Start of Block

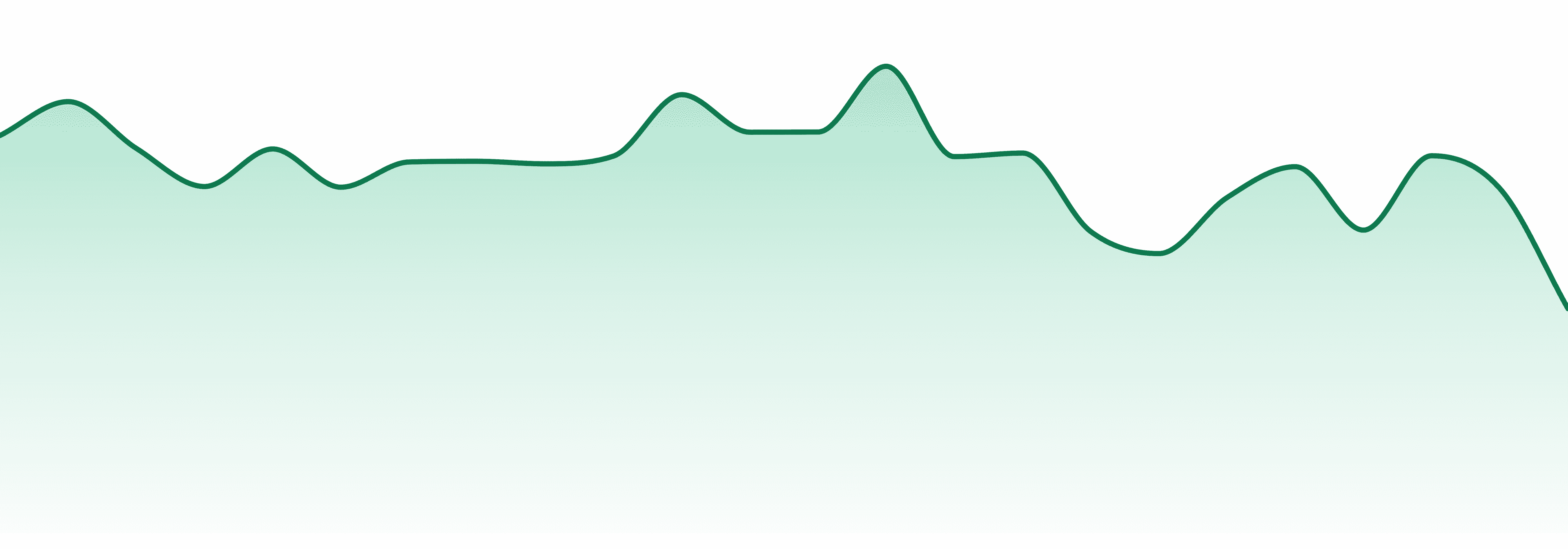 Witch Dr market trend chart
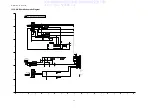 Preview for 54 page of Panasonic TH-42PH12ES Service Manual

End of Block
Start of Block

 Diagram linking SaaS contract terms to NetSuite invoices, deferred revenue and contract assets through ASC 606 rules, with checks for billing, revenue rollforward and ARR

End of Block
Start of Block

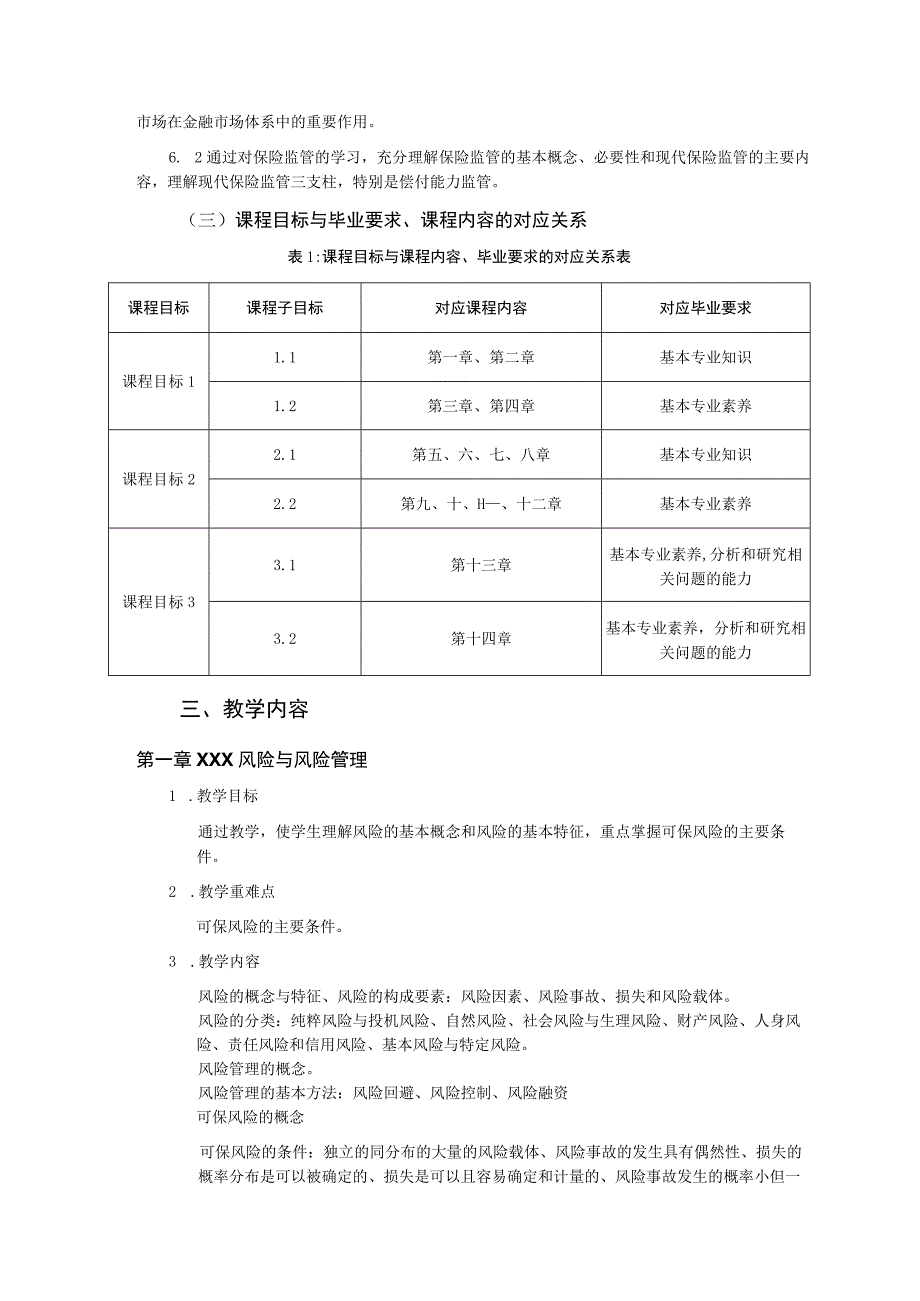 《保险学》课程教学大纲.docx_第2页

End of Block

▶ [Activity]:
Only one stretch of the listing is wanted: the lines starting at the one with "Witch Dr market trend chart" and ending at the one with "Preview for 54", copied exactly and free of pictures.

▶ [Response for this exercise]:
 Witch Dr market trend chart
 Preview for 54 page of Panasonic TH-42PH12ES Service Manual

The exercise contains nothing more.